* Exercise aim: In the entries below, find the line containing "What's up everybody, it's" and the line containing "With tools that". Copy those two lines and everything between them exactly, without the pictures.

* Listed records:
>>>>

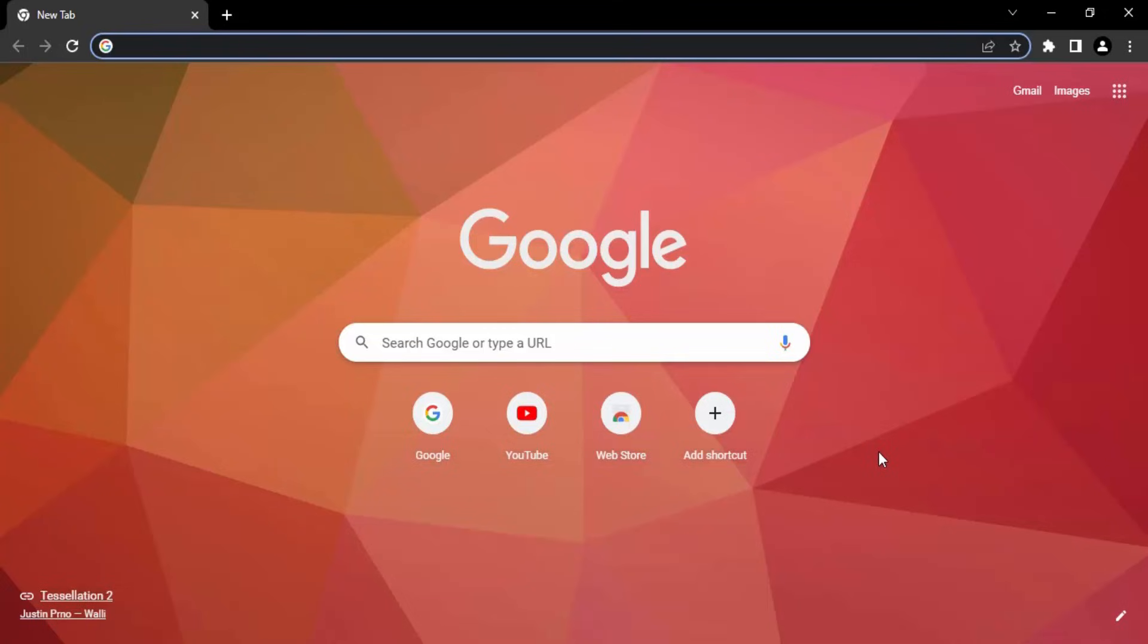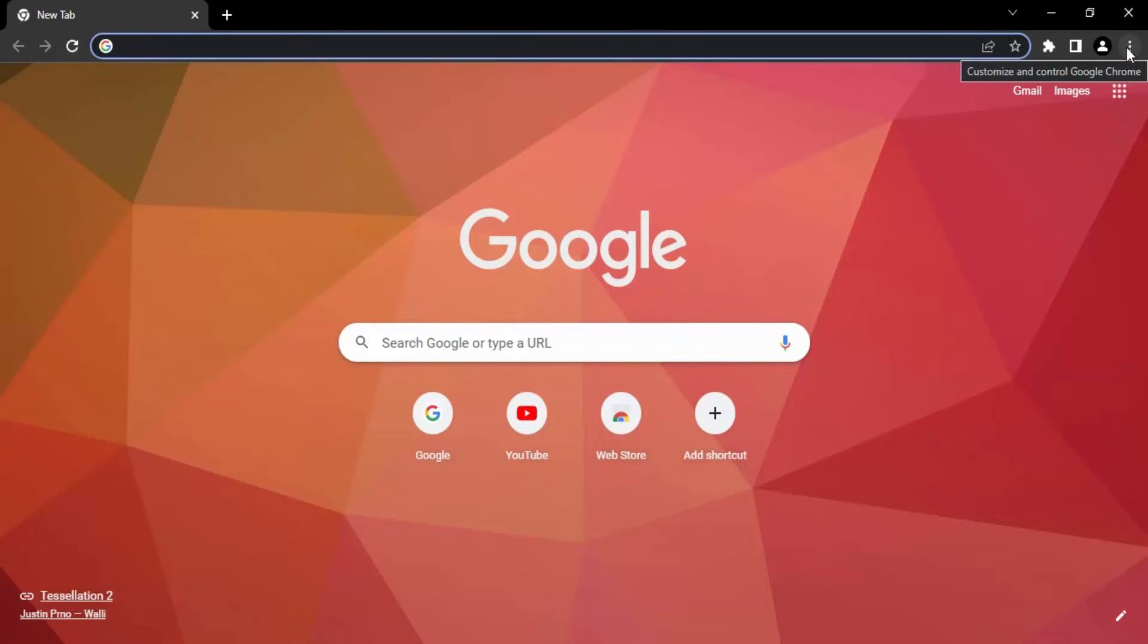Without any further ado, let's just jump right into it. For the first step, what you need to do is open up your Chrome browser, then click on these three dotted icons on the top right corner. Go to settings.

<<<<
>>>>

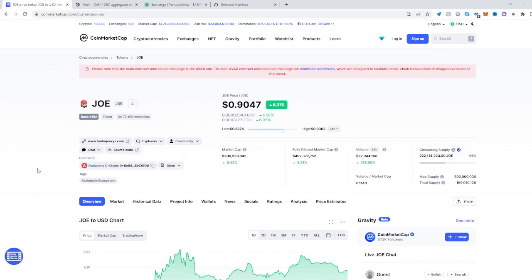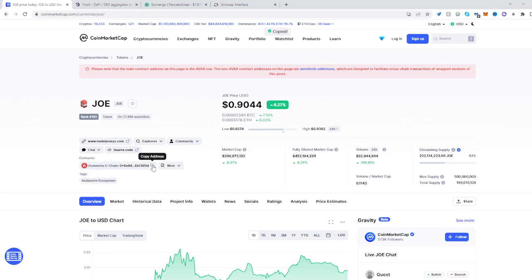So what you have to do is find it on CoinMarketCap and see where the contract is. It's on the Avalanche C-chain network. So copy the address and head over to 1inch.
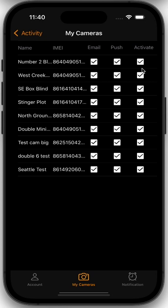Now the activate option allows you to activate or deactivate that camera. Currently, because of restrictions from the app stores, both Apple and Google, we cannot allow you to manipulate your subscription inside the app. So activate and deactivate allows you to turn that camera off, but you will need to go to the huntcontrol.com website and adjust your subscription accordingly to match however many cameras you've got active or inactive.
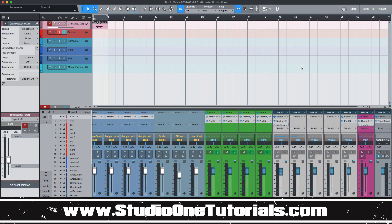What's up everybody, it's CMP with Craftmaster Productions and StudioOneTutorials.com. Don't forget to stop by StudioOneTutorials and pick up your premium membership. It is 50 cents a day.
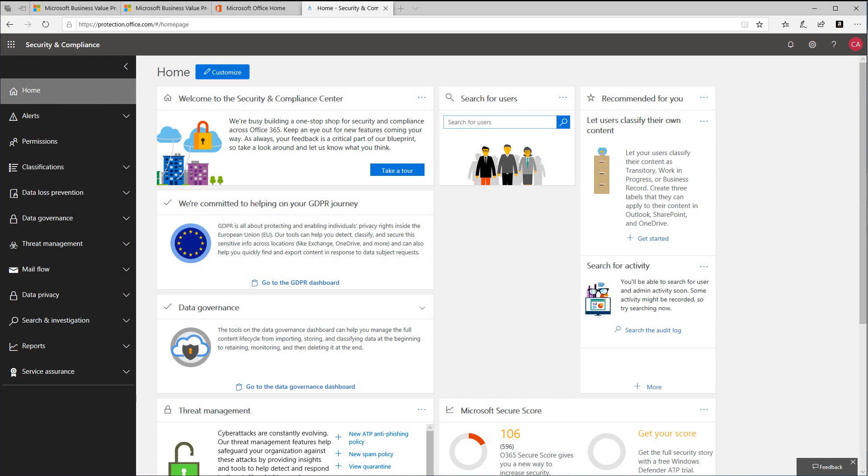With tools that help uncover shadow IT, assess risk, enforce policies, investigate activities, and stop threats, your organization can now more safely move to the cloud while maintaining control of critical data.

<<<<

* Reply:
What's up everybody, it's CMP with Craftmaster Productions and StudioOneTutorials.com. Don't forget to stop by StudioOneTutorials and pick up your premium membership. It is 50 cents a day.
With tools that help uncover shadow IT, assess risk, enforce policies, investigate activities, and stop threats, your organization can now more safely move to the cloud while maintaining control of critical data.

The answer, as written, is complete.